[TASK TO CARRY OUT]: Among the entries below, find every line that has "White" and pull it out.

[DATA TO EXAMINE]:
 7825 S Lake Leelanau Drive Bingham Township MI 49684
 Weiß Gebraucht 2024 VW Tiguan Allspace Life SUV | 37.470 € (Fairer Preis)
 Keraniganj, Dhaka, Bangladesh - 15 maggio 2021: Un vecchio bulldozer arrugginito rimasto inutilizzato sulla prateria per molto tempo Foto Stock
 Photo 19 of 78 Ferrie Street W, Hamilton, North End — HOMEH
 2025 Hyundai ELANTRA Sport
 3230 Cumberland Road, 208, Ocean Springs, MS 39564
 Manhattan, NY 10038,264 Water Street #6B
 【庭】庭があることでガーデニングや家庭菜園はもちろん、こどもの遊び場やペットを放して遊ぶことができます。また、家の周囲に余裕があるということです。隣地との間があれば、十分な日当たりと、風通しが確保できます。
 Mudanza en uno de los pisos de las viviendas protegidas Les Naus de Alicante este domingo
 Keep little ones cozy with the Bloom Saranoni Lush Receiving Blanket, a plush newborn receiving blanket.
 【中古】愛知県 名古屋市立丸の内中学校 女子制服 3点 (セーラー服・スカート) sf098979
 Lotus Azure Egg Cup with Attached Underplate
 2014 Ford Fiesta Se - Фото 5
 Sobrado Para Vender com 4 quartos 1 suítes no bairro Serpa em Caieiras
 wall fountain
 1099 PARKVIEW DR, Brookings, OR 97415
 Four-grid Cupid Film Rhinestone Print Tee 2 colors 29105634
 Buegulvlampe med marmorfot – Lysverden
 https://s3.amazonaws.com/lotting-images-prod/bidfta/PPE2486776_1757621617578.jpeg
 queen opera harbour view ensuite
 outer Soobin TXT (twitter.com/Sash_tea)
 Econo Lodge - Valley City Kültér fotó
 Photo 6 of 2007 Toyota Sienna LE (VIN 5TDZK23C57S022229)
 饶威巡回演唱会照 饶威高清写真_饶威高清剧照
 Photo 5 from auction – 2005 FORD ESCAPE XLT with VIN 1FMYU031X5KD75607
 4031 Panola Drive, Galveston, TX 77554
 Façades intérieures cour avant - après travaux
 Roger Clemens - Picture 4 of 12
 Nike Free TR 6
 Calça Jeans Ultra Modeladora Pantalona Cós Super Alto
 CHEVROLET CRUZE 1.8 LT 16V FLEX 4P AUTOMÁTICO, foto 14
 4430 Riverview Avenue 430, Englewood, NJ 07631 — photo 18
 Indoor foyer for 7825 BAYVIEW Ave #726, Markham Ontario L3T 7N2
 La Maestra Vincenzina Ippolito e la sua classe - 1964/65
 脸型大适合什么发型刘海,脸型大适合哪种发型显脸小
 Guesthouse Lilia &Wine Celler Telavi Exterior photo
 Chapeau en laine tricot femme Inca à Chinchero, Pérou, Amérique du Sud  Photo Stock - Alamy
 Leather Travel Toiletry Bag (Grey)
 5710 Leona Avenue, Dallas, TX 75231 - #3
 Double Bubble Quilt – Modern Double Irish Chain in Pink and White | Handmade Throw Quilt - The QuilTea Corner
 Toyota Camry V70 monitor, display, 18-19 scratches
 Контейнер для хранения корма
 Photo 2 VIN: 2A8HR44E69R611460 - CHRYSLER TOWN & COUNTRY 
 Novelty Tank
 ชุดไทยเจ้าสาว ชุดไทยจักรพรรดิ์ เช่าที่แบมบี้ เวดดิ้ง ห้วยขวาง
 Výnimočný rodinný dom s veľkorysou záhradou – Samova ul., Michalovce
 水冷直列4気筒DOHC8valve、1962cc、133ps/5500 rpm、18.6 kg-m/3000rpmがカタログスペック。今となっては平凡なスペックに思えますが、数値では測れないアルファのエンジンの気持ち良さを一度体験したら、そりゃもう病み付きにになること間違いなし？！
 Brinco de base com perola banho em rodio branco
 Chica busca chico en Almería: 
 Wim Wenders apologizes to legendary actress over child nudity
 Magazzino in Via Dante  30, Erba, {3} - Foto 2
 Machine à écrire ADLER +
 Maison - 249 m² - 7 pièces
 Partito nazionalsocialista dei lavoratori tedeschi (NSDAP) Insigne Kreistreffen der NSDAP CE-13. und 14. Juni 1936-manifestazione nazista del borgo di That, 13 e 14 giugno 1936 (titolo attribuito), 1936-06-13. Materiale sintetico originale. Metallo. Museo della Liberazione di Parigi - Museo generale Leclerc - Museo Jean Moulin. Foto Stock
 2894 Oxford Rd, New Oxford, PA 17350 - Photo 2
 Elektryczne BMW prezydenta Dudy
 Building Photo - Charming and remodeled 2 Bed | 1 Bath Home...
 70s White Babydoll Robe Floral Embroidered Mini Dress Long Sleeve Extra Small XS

[RESPONSE TO THIS TASK]:
 Double Bubble Quilt – Modern Double Irish Chain in Pink and White | Handmade Throw Quilt - The QuilTea Corner
 70s White Babydoll Robe Floral Embroidered Mini Dress Long Sleeve Extra Small XS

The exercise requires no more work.